Annaly was less leveraged than its peer group, with a debt-to-equity ratio of 5.4:1. At the end of Q213, the leverage ratio was 6.2:1, so Annaly delevered pretty aggressively. Annaly grew its agency MBS (mortgage-backed securities) exposure by close to $400 million.
The average interest rate spread was 1.35%—an increase from the 1.26% that the company reported in the previous quarter and up 28 basis points from a year ago. Interest rate spreads are heavily influenced by prepayment assumptions, so they can be volatile.

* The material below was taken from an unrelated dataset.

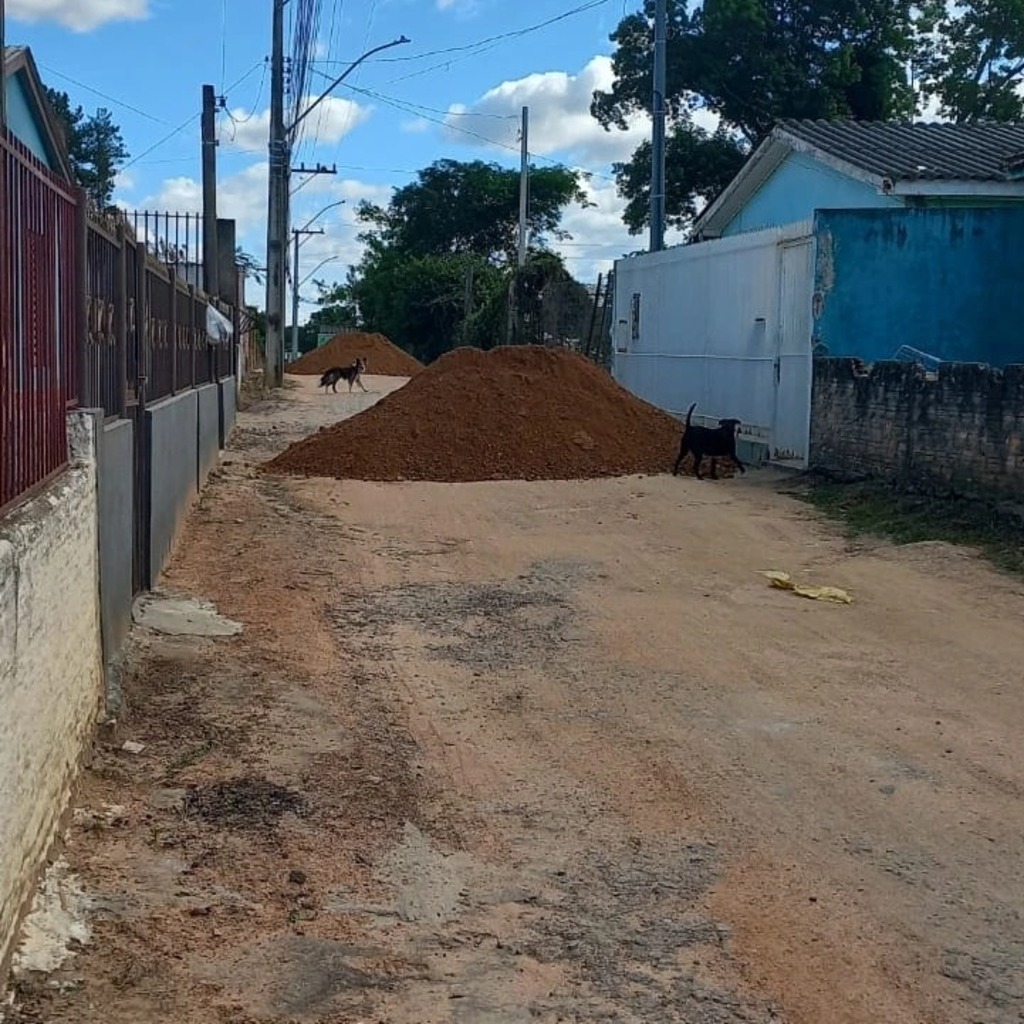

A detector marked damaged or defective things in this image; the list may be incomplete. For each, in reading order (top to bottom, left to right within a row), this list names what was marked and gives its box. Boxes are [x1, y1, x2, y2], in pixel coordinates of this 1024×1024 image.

rusty metal fence [0, 130, 78, 509]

Book value decreased. However, assets rose by a small amount. It looks like an increase in payables on the liability side accounted for the decrease
Commercial real estate yield is in the high single digits, which was a big reason why the average annualized yield on Annaly’s portfolio increased from 2.54% to 3.2% year-over-year. Of course, with commercial real estate, the company is now taking credit risk.
Chief executive officer Wellington Denahan said, “We welcome the end of quantitative easing and look forward to the opportunities it presents as the mortgage market begins to adjust to fewer direct policy impacts on fundamentals. We expect the market to endure higher levels of volatility but remain comfortable in our continued ability to deliver attractive relative returns.”
The company paid a quarterly dividend for the fourth quarter of 30 cents a share—flat with last quarter and down 15 cents from a year ago. Given that REITs like Annaly (NLY), American Capital Agency (AGNC), MFA Financial (MFA), Capstead (CMO), and Hatteras (HTS) must pay out 90% of their income as dividends, they tend to have volatile dividend streams.